Whether too little or too much, water and water management is critical for sustainable development and human survival, and as such gets worldwide attention every year on March 22nd, a day designated as World Water Day by the United Nations.
“ROCKWOOL has ambitious goals to reduce water usage across our operations. It is one of ten UN Sustainable Development Goals we have committed to contributing to and we will report on our progress in our upcoming Sustainability Report. In the areas of water consumption and water management, it is our products, both Grodan and Lapinus, where we have the biggest positive impact”, says Anthony Abbotts, Director of Sustainability for ROCKWOOL Group.
Use less water to grow more food
Agriculture accounts for nearly 70 percent of global freshwater consumption. Feeding the world is a critical task, but there are less thirsty alternatives to traditional, soil-based methods.
Hydroponics is one. Grodan produces growing media made from stone wool—specially treated to absorb water, instead of repel it—designed for hydroponic growing systems which require far less water and have acheived award winning results.
Tomatoes tell the story: To grow 1kg of tomatoes in a field requires 60 litres of water, compared to 15 litres in a hydroponic system and even less with Grodan's greenhouse monitoring technology. Grodan’s Andrew Lee talks about this and the water research Grodan is doing with Wageningen University in his article, “Make better use of your water”!
Urban farms and flood prevention
Vast greenhouses in the countryside aren’t the only places where food production innovation is happening.

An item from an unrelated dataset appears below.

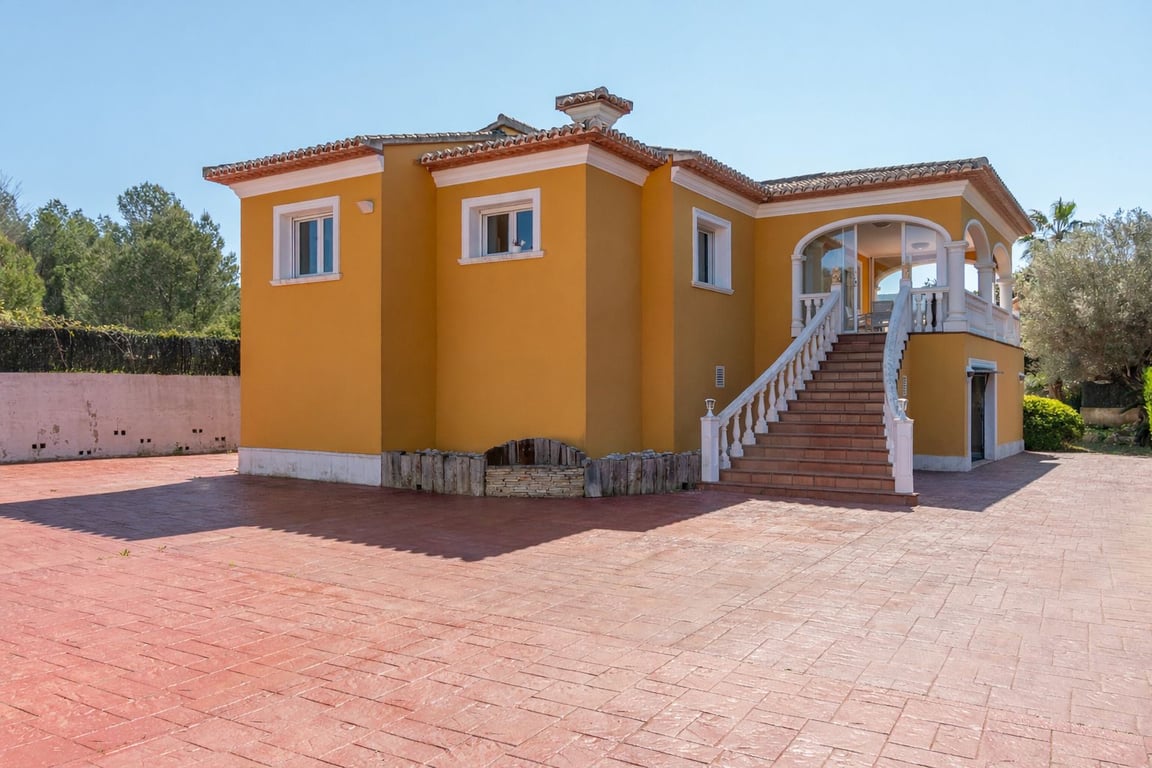 Villa en una excepcional zona tranquila, con vistas abiertas y gran potencial - 8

Stephen Leahy writes about the benefits of different approaches to urban farming in cities around the world to meet food needs while lowering resource consumption and environmental impact in his article, “Can urban agriculture feed growing cities, and save water?”
The challenge of more frequent and more severe rainfall is a growing issue particularly in urban environments with a lot of pavement and less opportunity for the rain to drain into the soil. With increasing urbanisation, Lapinus’ water management systems are helping communities safeguard infrastructure by absorbing and slowly releasing excess rainfall into surrounding soil or basins instead of “throwing it out” with the sewer water.